> What is needed
When you reach the line in the data below that contains "Vicco Schrankküche R-Line", please start repeating lines exactly, and stop after the line that contains "1 oz fine copper coin M16 rifle", repeating nothing else.

(Beginning of Given records)

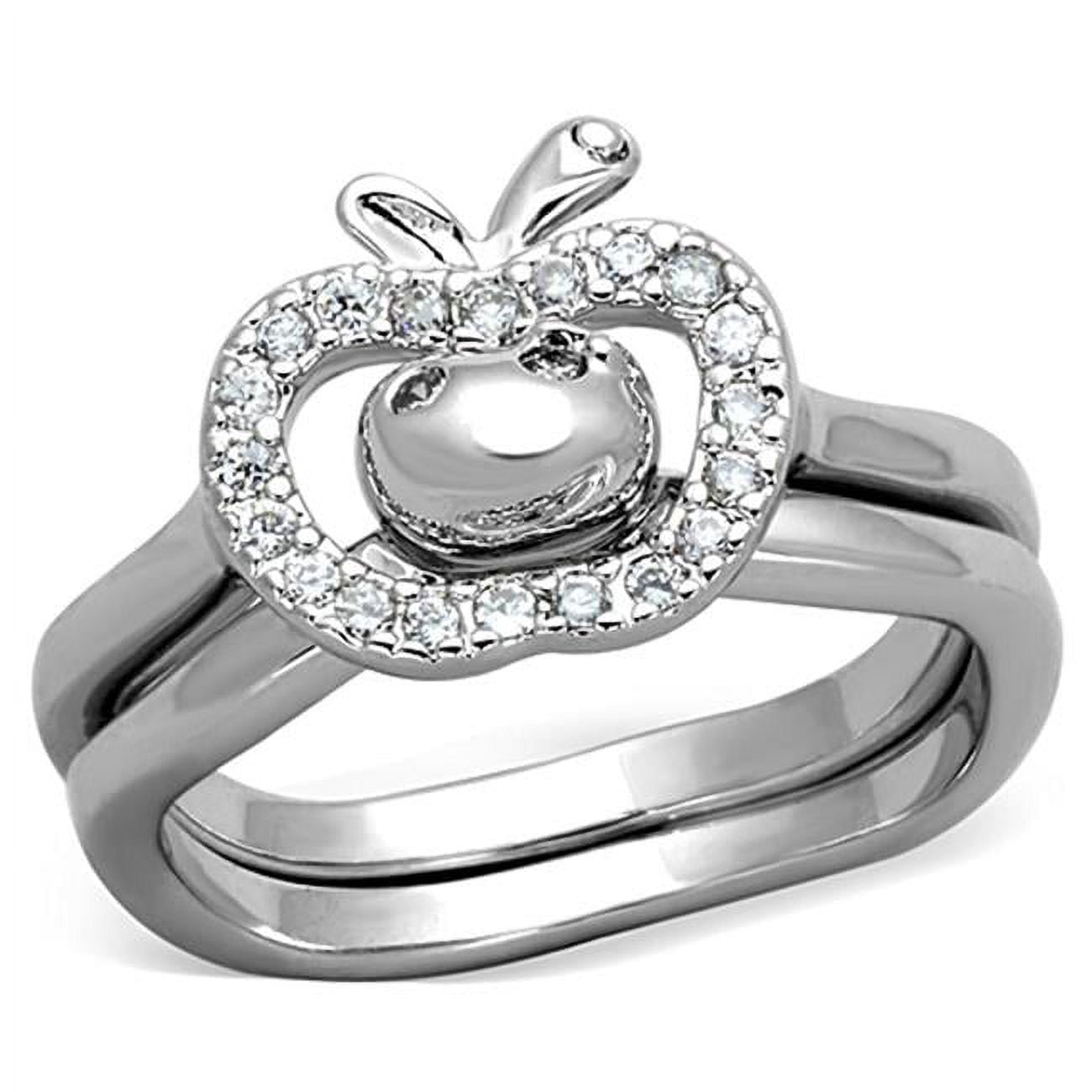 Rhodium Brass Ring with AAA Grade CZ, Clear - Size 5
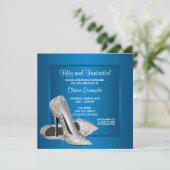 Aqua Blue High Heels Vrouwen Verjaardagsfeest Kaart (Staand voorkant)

(End of Given records)
(Beginning of Given records)

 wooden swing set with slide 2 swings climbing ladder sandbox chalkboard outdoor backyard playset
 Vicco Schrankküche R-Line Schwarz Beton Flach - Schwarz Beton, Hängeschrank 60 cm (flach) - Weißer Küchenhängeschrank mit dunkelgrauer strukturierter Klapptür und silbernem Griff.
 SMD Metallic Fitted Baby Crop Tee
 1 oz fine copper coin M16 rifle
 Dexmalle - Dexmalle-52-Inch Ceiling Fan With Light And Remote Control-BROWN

(End of Given records)

> Finished exercise
 Vicco Schrankküche R-Line Schwarz Beton Flach - Schwarz Beton, Hängeschrank 60 cm (flach) - Weißer Küchenhängeschrank mit dunkelgrauer strukturierter Klapptür und silbernem Griff.
 SMD Metallic Fitted Baby Crop Tee
 1 oz fine copper coin M16 rifle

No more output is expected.